Jan Richert

Personal information
- Full name: Jan Eryk Richert
- Date of birth: 19 August 1922
- Place of birth: Danzig, Free City of Danzig
- Date of death: 9 August 1992 (aged 69)
- Place of death: Düren, Germany
- Height: 1.62 m (5 ft 4 in)
- Position(s): Defender

Senior career*
- Years: Team / Apps / (Gls)
- 1936–1939: Gedania Danzig
- 1945–1948: Gedania Gdańsk
- 1948–1950: Lechia Gdańsk / 2 / (0)

= Jan Richert =

Polish footballer (1922–1992)

Jan Eryk Richert (19 August 1922 – 9 August 1992) was a Polish footballer who played as a defender. Richert spent his career playing football in Gdańsk (then known as Danzig) with Gedania Danzig. After three years playing with Gedania the club were forced to cease operations after the Nazi occupation of Poland. In total 75 people associated with Gedania before the war were killed, with most of the players and coaching staff being sent to concentration camps, Richert being one of the few players associated with the club surviving the war.
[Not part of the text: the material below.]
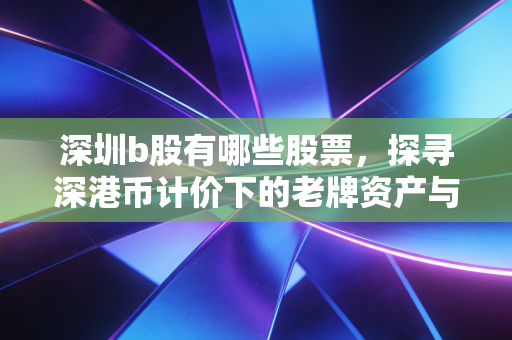 深圳b股有哪些股票，探寻深港币计价下的老牌资产与投资真相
After the war Richert began playing for the phoenix club of Gedania Danzig, joining Gedania Gdańsk in 1945. After another three years with Gedania he joined city rivals Lechia Gdańsk. He made his Lechia and I liga debut on 16 October 1949 in the 4–1 defeat to Warta Poznań. He was a part of Lechia's first squad to play in Poland's top division and made 1 appearance for Lechia in the I liga that season. His final appearance for Lechia came in the 2–2 draw with Arkonia Szczecin. After his football career ended, Richert emigrated to Germany in 1972. He lived there until his death on 9 August 1992, at the age of 69.